## [Data to use]
*** Begin section ***
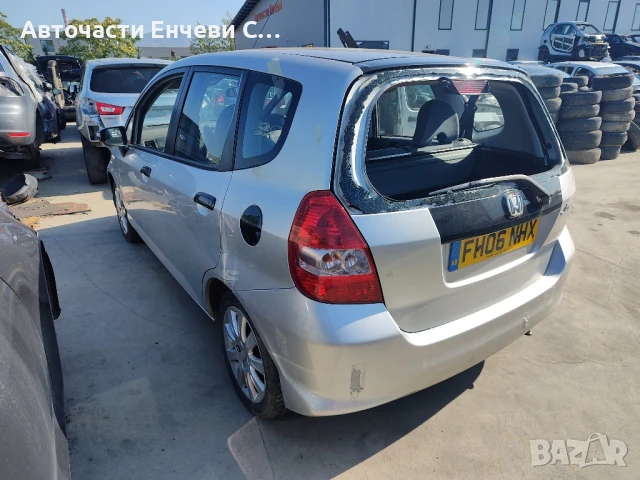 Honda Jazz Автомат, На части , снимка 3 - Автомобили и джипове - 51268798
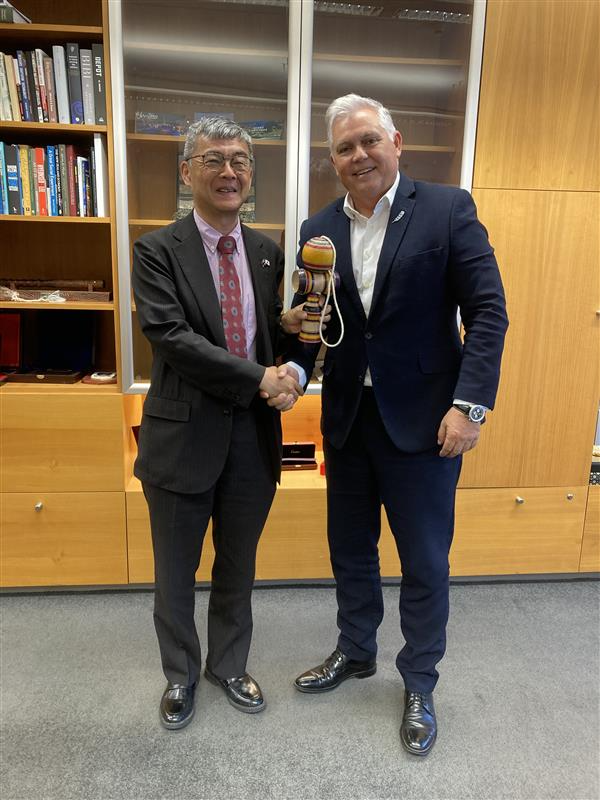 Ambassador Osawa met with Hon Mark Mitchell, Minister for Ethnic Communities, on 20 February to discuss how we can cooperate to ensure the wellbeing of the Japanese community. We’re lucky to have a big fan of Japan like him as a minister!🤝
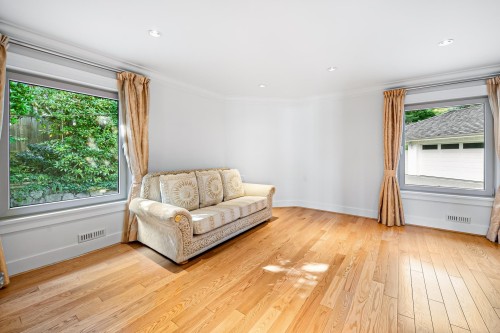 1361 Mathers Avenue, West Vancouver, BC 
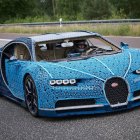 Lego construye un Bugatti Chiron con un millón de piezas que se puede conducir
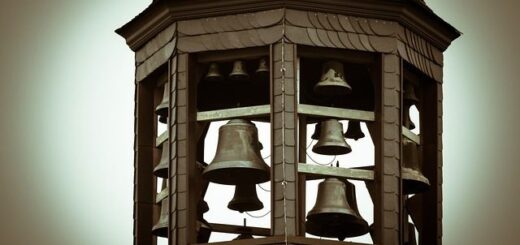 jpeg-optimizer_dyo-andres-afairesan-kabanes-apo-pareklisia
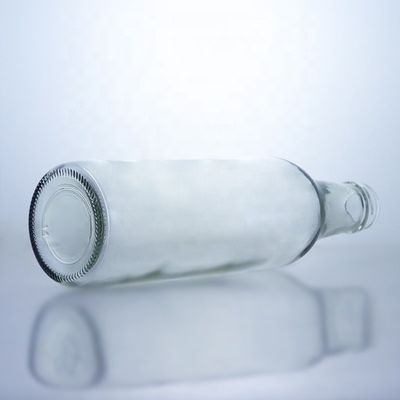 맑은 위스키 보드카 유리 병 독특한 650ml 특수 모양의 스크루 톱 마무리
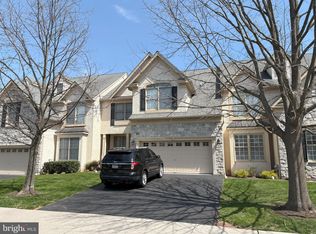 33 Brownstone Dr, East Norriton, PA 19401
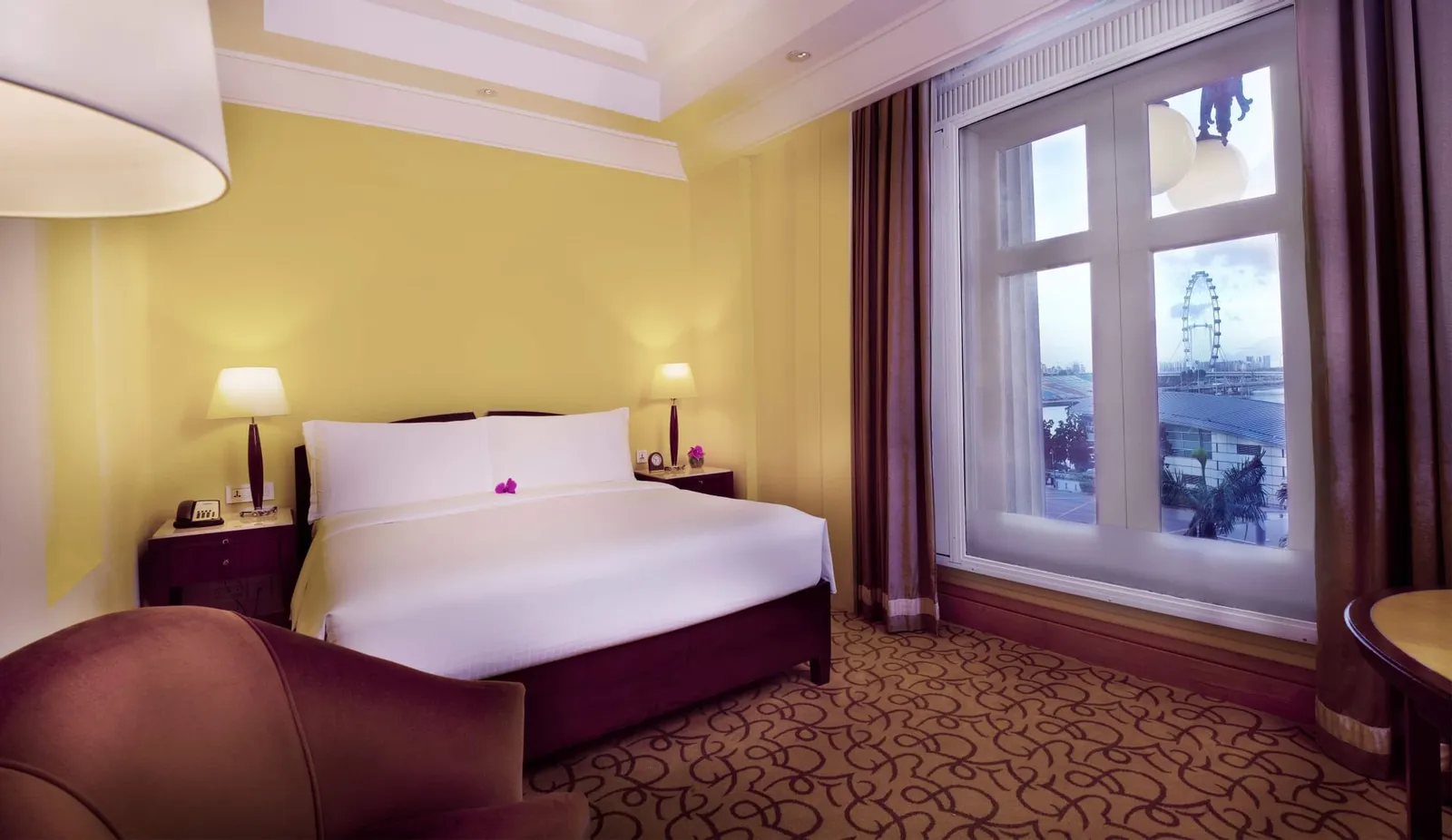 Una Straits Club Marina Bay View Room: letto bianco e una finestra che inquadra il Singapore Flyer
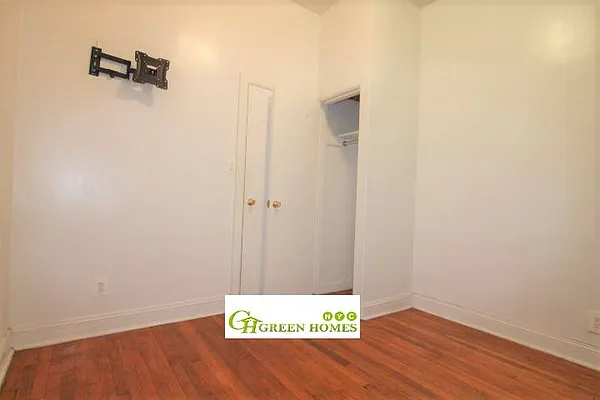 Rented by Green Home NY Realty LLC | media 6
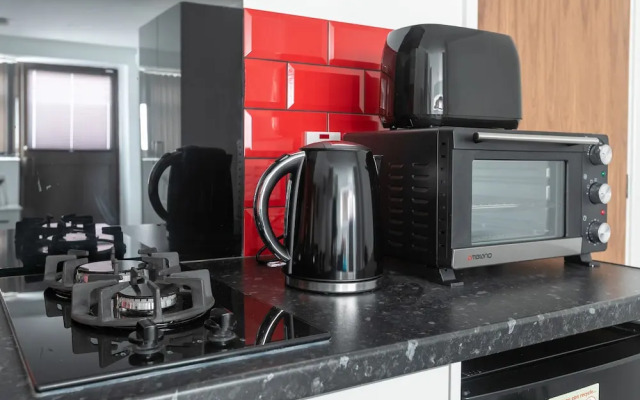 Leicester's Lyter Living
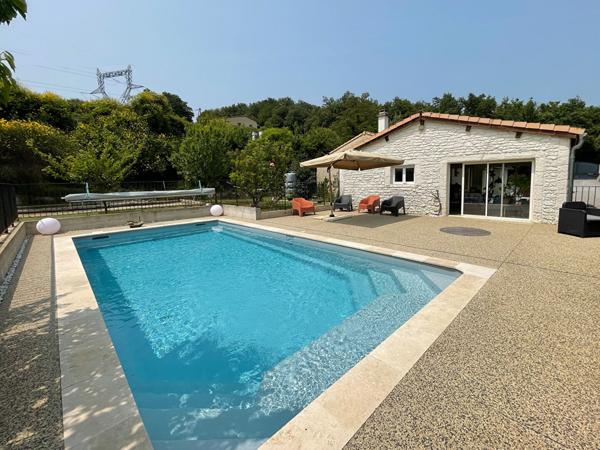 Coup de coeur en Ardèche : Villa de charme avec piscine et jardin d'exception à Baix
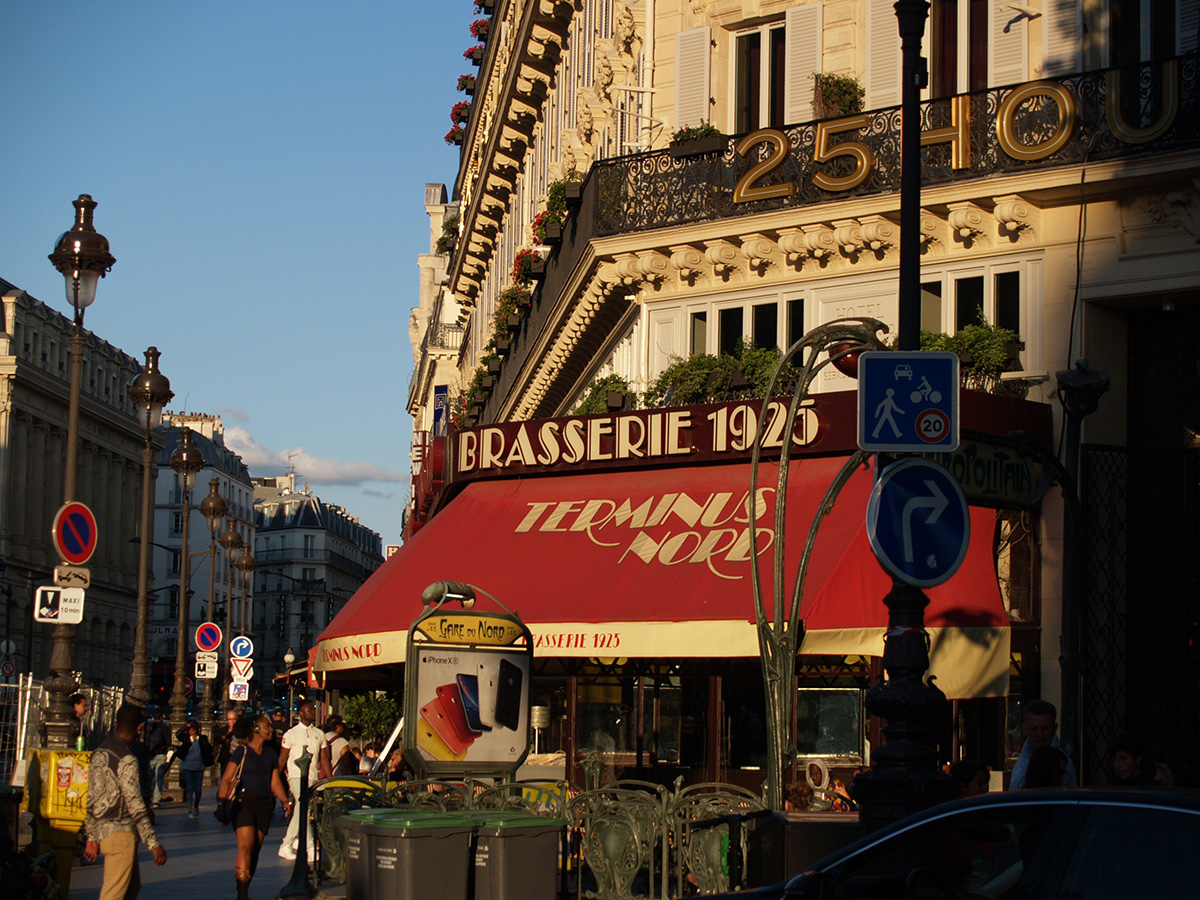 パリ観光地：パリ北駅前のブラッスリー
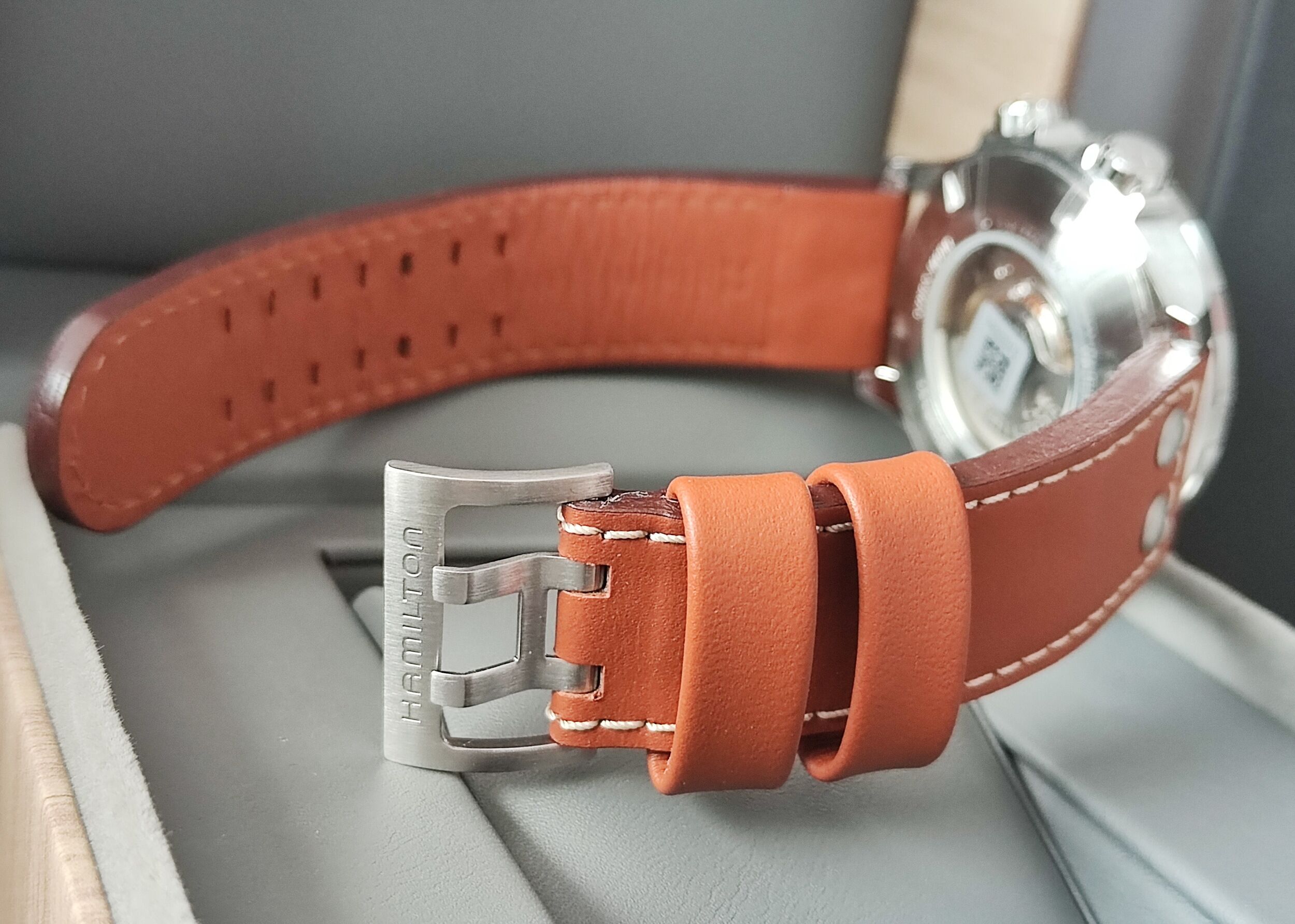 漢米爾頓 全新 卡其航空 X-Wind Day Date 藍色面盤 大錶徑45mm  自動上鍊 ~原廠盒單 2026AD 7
*** End section ***
## [What you will do]
Leave the pictures out and print the whole listing precisely.

## [Task response]
 Honda Jazz Автомат, На части , снимка 3 - Автомобили и джипове - 51268798
 Ambassador Osawa met with Hon Mark Mitchell, Minister for Ethnic Communities, on 20 February to discuss how we can cooperate to ensure the wellbeing of the Japanese community. We’re lucky to have a big fan of Japan like him as a minister!🤝
 1361 Mathers Avenue, West Vancouver, BC 
 Lego construye un Bugatti Chiron con un millón de piezas que se puede conducir
 jpeg-optimizer_dyo-andres-afairesan-kabanes-apo-pareklisia
 맑은 위스키 보드카 유리 병 독특한 650ml 특수 모양의 스크루 톱 마무리
 33 Brownstone Dr, East Norriton, PA 19401
 Una Straits Club Marina Bay View Room: letto bianco e una finestra che inquadra il Singapore Flyer
 Rented by Green Home NY Realty LLC | media 6
 Leicester's Lyter Living
 Coup de coeur en Ardèche : Villa de charme avec piscine et jardin d'exception à Baix
 パリ観光地：パリ北駅前のブラッスリー
 漢米爾頓 全新 卡其航空 X-Wind Day Date 藍色面盤 大錶徑45mm  自動上鍊 ~原廠盒單 2026AD 7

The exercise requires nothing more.